For instance, we like the tool "CodeIt.Right", but it is now $250 per seat. We will be buying ONE copy now, but when it was looking like $100 per seat or less we were going to get it for everyone on the team. Thats a marketing decision, I suppose.
Well, I'll wrap up with... do we get lots of overpriced (but quite nice) components and no integration support from MS, or lots of crappy components (or none at all), but with great IDE support in Java. I guess it depends on how much money you have lying around doing nothing.
You're absolutely right. The argument against tools in my experience has more to do with people not wanting to take the effort to find out they exist and learn how to use them. Very few people actually do development in Notepad - evidence that to some extent, everybody agrees tools are important
Generally speaking, I agree with you. Quibbling about the cost of quality tools when compared with the cost of quality developers is idiotic, and yet all too prevalent.
But I have to disagree about Resharper. I tested version 3 last year and version 4 a few weeks ago, and although it has many useful features, it is just too unbearably slow. Add that to an IDE that is already less than zippy, and my productivity went down the tubes. The problem is not my machine, either; I am in a relatively enlightened company that understands that developers need a lot more beef than the average business user. And I'm not talking about minor things; in some cases I had to wait several seconds for a few lines of text to appear after I stopped typing. In an IDE, the letter that I type should appear instantly (duh); anything less is unacceptable.
Its unfortunate, because I can easily see how many of the features could have saved me a lot of time. But when I have to wait to see the code that I have just typed, its not worth it.
Tools are quite often understimated. I heard of many person telling that they can program well even without resharper, it is true, but many people, after a try of R#, tells me..."hey, I cannot live without R# now" :D
Tools like SQL compare not only can save you an enormous amount of time, but helps not to commit mistake. We have in production several site, and the developement is alwais on. I really cannot think to make a deploy in a release machine without the SQL Compare tool, that shows me exactly what is changed from the version in the release machine and the one on the dev machine. does it wort 400$, definitively yes.

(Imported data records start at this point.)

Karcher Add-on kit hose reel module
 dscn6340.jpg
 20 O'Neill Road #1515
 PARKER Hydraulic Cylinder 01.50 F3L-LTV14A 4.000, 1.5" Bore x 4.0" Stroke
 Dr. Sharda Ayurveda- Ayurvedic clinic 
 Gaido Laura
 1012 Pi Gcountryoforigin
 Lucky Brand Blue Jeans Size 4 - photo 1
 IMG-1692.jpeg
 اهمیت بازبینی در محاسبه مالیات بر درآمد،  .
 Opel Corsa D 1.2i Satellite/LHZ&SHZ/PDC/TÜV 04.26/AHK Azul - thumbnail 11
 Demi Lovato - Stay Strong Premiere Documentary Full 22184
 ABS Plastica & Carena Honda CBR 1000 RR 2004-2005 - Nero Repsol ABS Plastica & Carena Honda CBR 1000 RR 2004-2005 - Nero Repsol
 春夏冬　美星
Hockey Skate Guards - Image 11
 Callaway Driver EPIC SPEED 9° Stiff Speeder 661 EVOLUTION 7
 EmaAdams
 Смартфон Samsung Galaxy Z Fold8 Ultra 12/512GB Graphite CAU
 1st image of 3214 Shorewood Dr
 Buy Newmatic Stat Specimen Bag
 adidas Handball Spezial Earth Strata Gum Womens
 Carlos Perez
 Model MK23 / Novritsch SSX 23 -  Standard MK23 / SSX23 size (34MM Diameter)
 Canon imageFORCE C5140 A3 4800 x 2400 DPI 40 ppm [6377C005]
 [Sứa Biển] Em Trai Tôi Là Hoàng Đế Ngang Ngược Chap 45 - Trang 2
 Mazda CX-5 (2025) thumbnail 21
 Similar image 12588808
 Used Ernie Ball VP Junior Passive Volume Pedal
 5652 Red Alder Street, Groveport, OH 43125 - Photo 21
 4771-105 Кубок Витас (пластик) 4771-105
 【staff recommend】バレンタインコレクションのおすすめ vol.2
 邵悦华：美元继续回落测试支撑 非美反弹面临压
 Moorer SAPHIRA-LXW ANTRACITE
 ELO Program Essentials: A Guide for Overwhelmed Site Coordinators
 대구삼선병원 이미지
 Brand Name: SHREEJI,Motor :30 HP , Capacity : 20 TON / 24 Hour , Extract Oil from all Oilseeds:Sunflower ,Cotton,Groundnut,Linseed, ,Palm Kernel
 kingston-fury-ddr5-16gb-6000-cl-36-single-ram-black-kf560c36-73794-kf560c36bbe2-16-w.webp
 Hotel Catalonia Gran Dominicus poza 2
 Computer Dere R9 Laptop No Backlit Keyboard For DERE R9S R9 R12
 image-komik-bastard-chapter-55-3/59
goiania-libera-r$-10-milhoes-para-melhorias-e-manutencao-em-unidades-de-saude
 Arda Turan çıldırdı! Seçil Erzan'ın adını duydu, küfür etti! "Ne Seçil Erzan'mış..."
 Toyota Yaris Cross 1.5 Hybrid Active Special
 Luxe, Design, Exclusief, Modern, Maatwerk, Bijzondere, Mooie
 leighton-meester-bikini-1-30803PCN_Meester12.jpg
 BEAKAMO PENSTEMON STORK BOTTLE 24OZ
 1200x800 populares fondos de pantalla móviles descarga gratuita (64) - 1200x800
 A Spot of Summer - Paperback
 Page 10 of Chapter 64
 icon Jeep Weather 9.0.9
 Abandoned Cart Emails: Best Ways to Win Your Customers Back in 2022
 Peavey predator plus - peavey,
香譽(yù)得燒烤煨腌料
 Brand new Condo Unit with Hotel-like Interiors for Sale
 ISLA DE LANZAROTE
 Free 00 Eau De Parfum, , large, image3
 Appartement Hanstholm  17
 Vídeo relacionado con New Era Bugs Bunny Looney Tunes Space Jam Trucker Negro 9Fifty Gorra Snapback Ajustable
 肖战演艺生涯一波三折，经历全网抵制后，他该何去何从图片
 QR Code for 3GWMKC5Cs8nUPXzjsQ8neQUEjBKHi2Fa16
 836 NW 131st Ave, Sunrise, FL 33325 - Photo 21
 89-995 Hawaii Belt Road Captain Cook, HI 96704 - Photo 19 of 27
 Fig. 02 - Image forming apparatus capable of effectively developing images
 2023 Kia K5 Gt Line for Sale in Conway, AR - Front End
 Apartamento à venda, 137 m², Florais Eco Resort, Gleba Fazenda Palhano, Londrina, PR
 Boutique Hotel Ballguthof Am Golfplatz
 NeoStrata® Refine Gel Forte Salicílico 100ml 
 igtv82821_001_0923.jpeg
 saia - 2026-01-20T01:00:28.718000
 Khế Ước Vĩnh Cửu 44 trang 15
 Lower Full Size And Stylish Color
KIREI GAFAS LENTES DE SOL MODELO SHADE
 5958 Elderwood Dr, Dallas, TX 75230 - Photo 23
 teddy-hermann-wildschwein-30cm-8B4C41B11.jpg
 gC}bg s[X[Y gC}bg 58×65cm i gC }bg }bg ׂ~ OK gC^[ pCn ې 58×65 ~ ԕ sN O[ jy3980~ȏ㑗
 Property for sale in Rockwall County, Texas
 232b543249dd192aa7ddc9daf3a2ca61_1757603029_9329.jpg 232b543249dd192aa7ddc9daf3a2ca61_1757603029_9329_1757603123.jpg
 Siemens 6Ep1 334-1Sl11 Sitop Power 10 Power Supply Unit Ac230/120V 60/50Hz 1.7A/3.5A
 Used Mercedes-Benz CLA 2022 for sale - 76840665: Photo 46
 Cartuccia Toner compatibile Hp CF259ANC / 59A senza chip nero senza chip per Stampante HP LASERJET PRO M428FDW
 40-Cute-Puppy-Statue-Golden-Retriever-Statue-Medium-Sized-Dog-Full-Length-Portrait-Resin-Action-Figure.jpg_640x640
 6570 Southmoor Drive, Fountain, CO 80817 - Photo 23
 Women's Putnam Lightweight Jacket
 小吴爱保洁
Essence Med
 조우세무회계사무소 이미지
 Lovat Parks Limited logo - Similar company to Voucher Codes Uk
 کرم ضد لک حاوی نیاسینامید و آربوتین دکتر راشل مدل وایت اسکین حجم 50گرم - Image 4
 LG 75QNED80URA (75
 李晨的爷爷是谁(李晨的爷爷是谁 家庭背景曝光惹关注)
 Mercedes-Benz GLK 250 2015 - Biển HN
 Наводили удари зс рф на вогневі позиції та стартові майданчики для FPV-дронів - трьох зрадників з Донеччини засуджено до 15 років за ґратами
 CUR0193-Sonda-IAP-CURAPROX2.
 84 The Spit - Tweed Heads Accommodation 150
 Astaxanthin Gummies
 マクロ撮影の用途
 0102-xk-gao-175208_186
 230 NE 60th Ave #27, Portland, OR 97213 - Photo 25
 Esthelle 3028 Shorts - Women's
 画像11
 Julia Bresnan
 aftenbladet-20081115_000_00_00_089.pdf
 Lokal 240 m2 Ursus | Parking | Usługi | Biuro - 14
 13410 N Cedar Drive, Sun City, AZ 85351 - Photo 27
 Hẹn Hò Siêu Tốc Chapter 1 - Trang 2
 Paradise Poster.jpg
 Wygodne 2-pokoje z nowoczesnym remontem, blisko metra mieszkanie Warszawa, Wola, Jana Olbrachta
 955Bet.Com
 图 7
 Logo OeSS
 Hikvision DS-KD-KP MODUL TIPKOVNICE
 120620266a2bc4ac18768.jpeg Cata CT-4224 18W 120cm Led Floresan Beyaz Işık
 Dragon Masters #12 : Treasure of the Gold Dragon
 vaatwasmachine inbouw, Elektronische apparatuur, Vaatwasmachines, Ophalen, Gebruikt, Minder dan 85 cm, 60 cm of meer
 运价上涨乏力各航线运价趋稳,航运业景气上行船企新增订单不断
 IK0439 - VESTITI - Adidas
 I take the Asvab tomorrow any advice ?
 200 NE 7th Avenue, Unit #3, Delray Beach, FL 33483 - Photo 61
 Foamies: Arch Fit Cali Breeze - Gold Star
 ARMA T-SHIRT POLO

Quite often I saw people being bites by attitude like: "Hey, this simple ritch text editor cost 1000$...no no no, we do not have the budget, let one of our developer write one". After a couple of weeks we have a prototype of the editor, but with a little set of features, after a month the manager decide to buy the commercial one..........
alk.
David Nelson, how many lines of code in the file you're editing?
It's got to be something with either your machine or the amount of code in a single file/solution, because no one I know has this problem with ReSharper (4 )- unless there's more 3000+ lines of code in one file. (which should never happen IMHO)
@PandaWood
The worst offender is ~4100 lines. Several files are 3000+. Most are in the 500-2000 range.
Its fine for you to say that files shouldn't be that large, and I would agree with you in an ideal situation. But I am part of a team maintaining a legacy code base. My goal was to use Resharper to help me start refactoring that code base, and once I proved that it could be useful I could introduce it to my team. But I couldn't even get started because the whole IDE became unresponsive.
And frankly, I don't see what difference file size should make to this issue. I can see where a large file might take longer to open, if there is initial parsing going on and what have you, but once the file is open there is no reason for every character I type to take a second or more to appear.